ACTION ITEM: Word for word, set down the records and skip each picture.

START DATASET EXTRACT

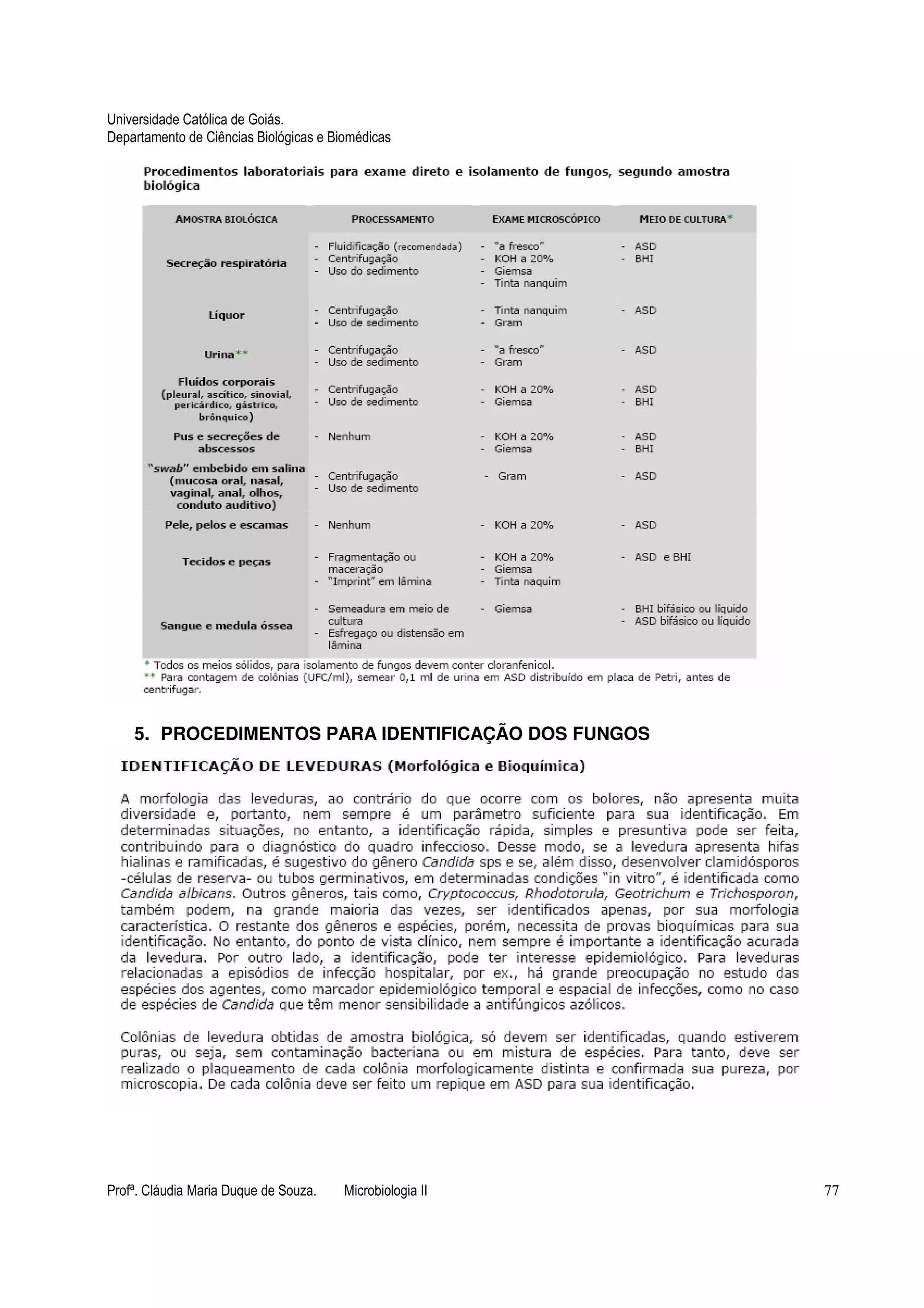 Universidade Católica de Goiás. 
Departamento de Ciências Biológicas e Biomédicas 
5. PROCEDIMENTOS PARA IDENTIFICAÇÃO DOS FUNGOS 
Profª. Cláudia Maria Duque de Souza. Microbiologia II 77 
 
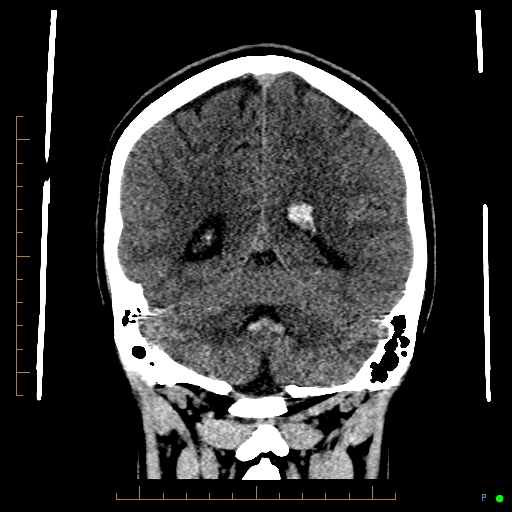 Cerebral arteriovenous malformation (AVM) (Radiopaedia 78162-90706 Coronal non-contrast 68).jpg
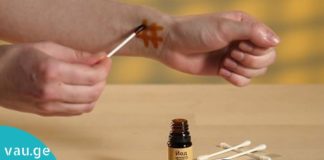 წაისვით იოდი მაჯებზე და ნახეთ რა მოხდება- საინტერესო ინფორმაციაა.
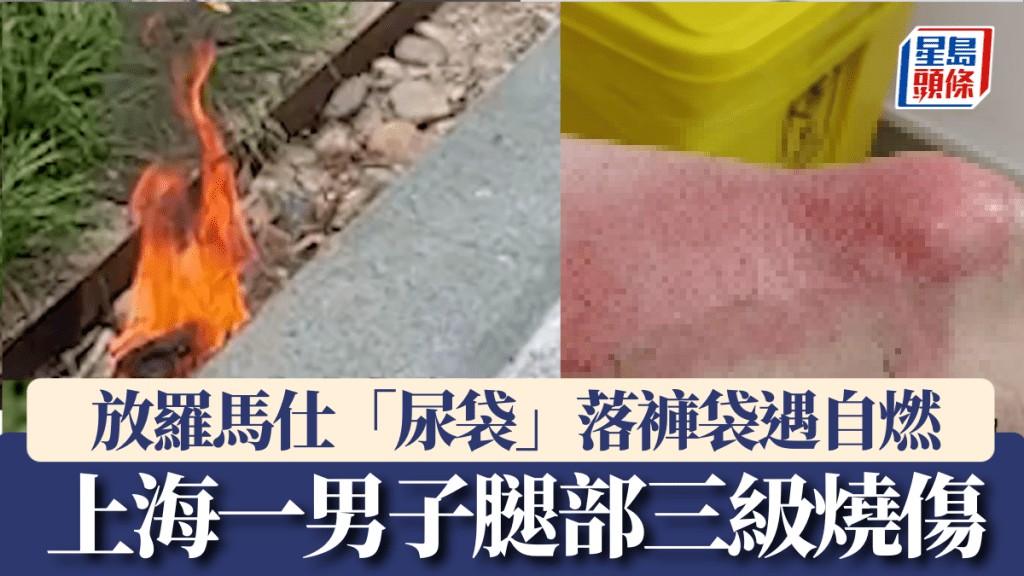 上海一男子放羅馬仕「尿袋」入褲袋，致腿部三級燒傷需植皮。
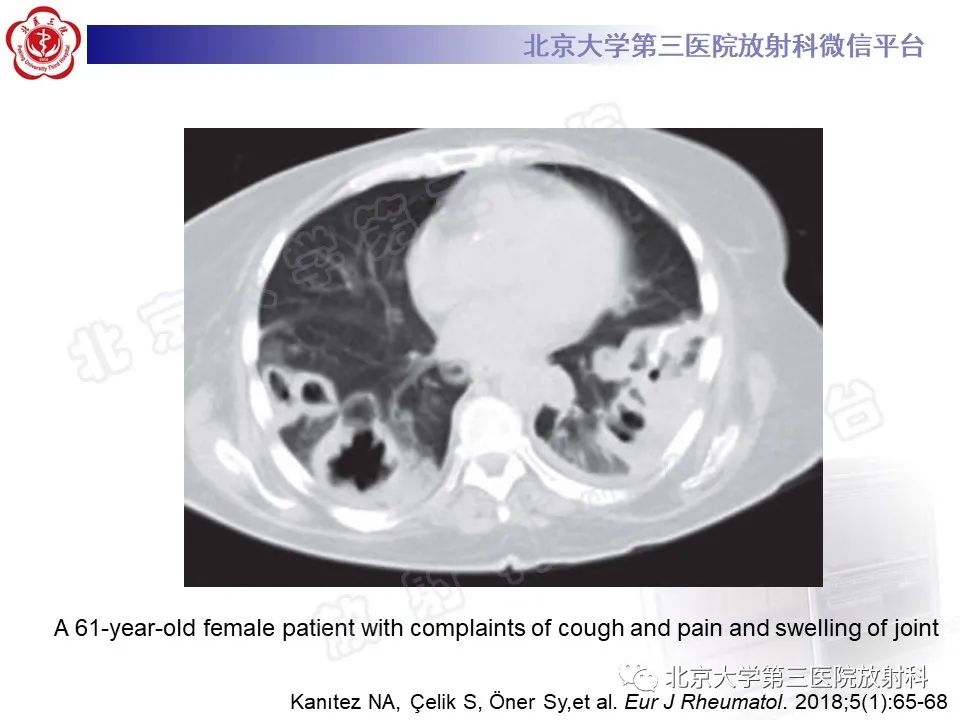 影像PPT - 【PPT】肺类风湿结节-16
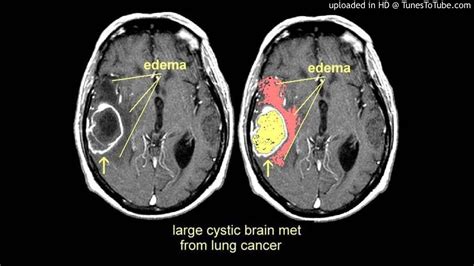 Les métastases cérébrales sont des complications fréquentes du cancer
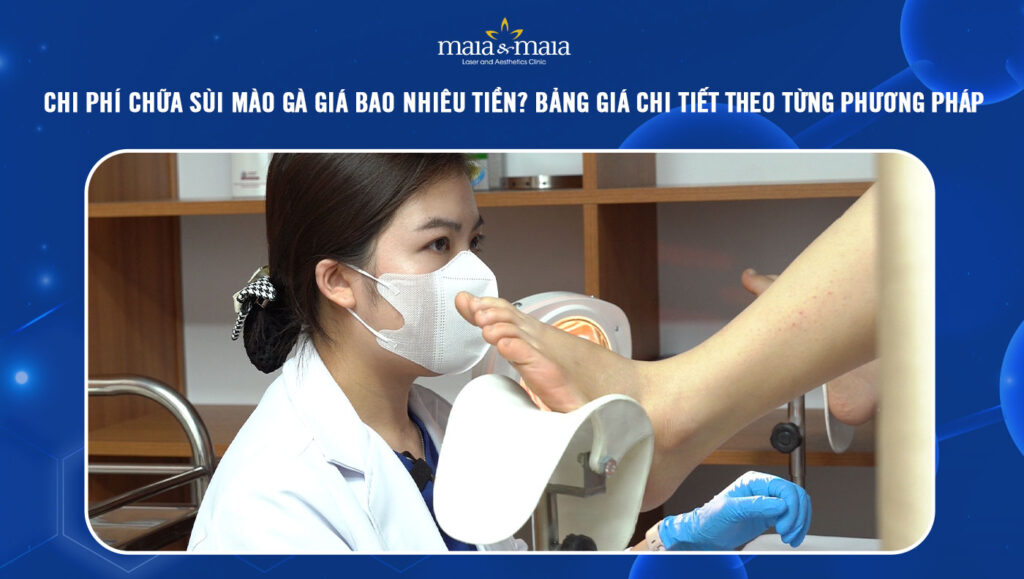 chi phí chữa sùi mào gà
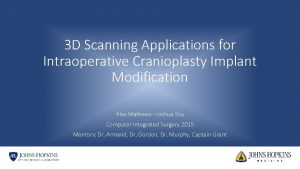 3 D Scanning Applications for Intraoperative Cranioplasty Implant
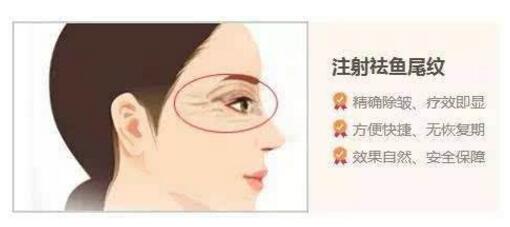 天生魚尾紋做什么手術(shù)去除好？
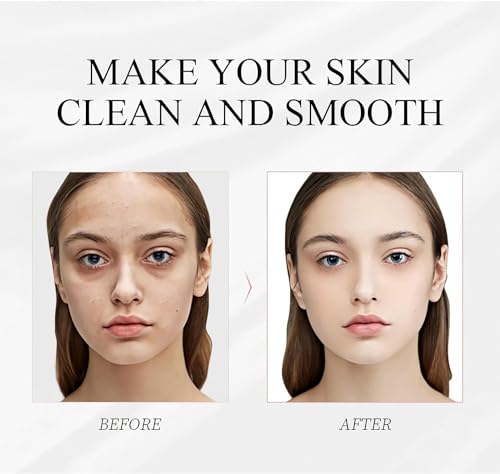 ILOVMUP 6-Pack Vegan Clay Mud Masks Set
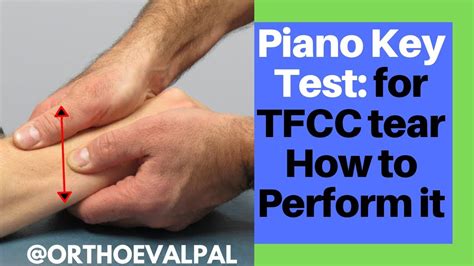 tests for tfcc tear|positive test for tfcc.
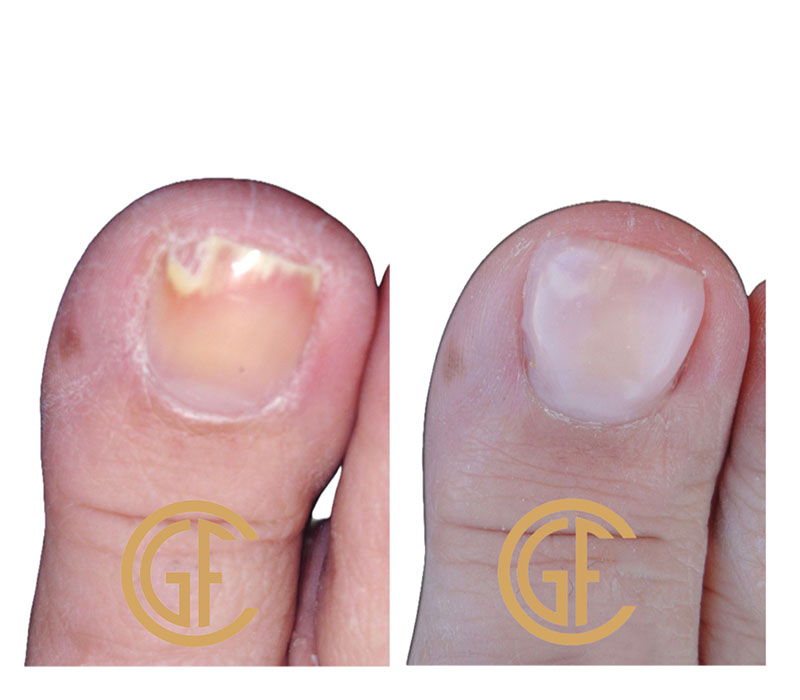 Nail Restoration Before & After Image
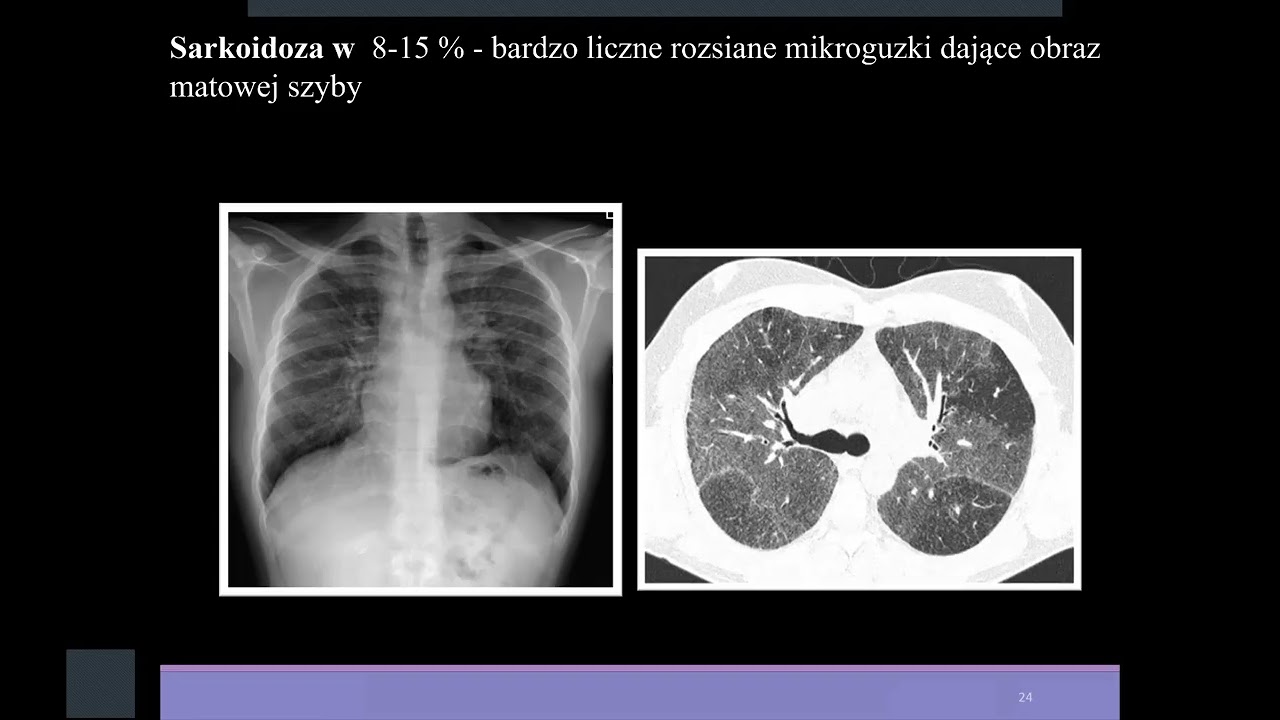 L. Opoka - Zmiany rozsiane z obecnością guzków.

END DATASET EXTRACT

TASK RESULT:
 Universidade Católica de Goiás. 
Departamento de Ciências Biológicas e Biomédicas 
5. PROCEDIMENTOS PARA IDENTIFICAÇÃO DOS FUNGOS 
Profª. Cláudia Maria Duque de Souza. Microbiologia II 77 
 
 Cerebral arteriovenous malformation (AVM) (Radiopaedia 78162-90706 Coronal non-contrast 68).jpg
 წაისვით იოდი მაჯებზე და ნახეთ რა მოხდება- საინტერესო ინფორმაციაა.
 上海一男子放羅馬仕「尿袋」入褲袋，致腿部三級燒傷需植皮。
 影像PPT - 【PPT】肺类风湿结节-16
 Les métastases cérébrales sont des complications fréquentes du cancer
 chi phí chữa sùi mào gà
 3 D Scanning Applications for Intraoperative Cranioplasty Implant
 天生魚尾紋做什么手術(shù)去除好？
 ILOVMUP 6-Pack Vegan Clay Mud Masks Set
 tests for tfcc tear|positive test for tfcc.
 Nail Restoration Before & After Image
 L. Opoka - Zmiany rozsiane z obecnością guzków.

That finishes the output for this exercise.